Roe’s colleague, Ed Smith, used the hypothetical example of an e-money firm charging an inactivity fee for an account that has not been used for two years.

“The first question that the firm needs to ask itself is, does the product meet the needs of this customer? Is the customer incurring this fee for any reasons of friction in the customer journey, such as trying to switch or close the product? Does it understand the product? Does it understand the activity charge that it's incurring? Or is it simply the case that their customer is inert and has forgotten the account?”

Roe, meanwhile, gave an example of good practice for e-money firms. “We’ve seen an e-money firm offering a product to a specific group of customers but over time realising it was being sold to consumers outside of that market.

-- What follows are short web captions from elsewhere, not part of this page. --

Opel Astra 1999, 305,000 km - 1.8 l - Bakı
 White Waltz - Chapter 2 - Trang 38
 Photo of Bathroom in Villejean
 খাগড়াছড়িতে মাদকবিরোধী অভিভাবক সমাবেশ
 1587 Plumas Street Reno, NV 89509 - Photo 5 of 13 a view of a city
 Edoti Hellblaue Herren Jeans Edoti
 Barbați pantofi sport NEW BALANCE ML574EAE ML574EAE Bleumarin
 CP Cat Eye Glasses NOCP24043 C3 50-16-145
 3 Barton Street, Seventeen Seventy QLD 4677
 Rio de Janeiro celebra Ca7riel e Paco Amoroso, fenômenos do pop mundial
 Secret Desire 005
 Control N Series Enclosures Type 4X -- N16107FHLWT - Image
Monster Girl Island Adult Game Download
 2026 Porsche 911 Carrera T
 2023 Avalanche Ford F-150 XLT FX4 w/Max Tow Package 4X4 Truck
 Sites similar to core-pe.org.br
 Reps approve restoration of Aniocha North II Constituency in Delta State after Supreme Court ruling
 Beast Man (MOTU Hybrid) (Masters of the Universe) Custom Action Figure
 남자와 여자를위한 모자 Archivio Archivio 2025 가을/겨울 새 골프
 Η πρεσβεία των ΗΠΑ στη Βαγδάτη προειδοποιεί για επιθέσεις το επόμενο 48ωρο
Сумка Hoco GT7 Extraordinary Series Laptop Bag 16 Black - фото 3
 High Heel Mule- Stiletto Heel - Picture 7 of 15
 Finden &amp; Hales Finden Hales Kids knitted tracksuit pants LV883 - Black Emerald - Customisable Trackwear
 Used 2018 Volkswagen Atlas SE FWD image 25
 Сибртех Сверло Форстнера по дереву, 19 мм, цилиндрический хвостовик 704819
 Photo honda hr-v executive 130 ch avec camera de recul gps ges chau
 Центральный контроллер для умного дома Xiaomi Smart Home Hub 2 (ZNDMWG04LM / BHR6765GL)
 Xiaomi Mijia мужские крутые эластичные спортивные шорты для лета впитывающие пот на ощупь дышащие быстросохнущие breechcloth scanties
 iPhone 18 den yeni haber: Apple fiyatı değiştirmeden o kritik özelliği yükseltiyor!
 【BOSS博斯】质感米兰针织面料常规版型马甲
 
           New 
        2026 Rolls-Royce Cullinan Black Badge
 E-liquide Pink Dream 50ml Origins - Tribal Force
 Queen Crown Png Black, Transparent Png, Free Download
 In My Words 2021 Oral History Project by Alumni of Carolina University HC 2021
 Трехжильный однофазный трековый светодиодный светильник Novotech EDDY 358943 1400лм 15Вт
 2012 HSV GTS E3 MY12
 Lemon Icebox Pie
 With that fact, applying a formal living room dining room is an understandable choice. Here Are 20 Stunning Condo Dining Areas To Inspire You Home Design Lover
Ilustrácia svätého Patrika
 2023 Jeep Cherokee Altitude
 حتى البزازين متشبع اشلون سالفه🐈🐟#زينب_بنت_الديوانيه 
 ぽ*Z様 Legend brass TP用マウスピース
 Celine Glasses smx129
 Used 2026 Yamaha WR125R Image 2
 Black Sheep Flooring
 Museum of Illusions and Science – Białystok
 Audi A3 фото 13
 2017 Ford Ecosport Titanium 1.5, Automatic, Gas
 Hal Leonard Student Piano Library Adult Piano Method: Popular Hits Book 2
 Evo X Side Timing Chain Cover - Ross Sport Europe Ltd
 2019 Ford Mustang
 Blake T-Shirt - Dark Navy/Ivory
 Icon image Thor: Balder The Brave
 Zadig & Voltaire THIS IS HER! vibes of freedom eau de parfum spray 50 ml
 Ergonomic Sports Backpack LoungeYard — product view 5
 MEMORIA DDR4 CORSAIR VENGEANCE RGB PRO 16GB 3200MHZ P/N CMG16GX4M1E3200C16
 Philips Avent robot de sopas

Upon realising this, the firm did the right thing and re-assessed the product, and whether it was indeed appropriate for this broader cohort of customers.”

A pressing need

The FCA panellists were keen to stress that customer vulnerability is a key driver for the Consumer Duty.

“The current cost of living pressures underline how important it is for firms to understand the needs of their customers and support them to make effective decisions,” said Richard Wilson, the FCA’s consumer duty lead.

Yet, even before the current pressures, it is generally known that consumers were being asked to make an increasing number of complex and important decisions in a faster and increasingly complex environment, he argued.

“That makes it more important that they can make those decisions effectively and that competition is working well, with firms competing vigorously and to a high standard of customer care, and in consumers interest,” he said.

The Consumer Duty timeline currently dictates that manufacturers will need to complete their review process to meet the outcomes rules by April 30 next year.

Meanwhile, rules apply for open products and services from July 31, 2023 and for closed services by July 31, 2024.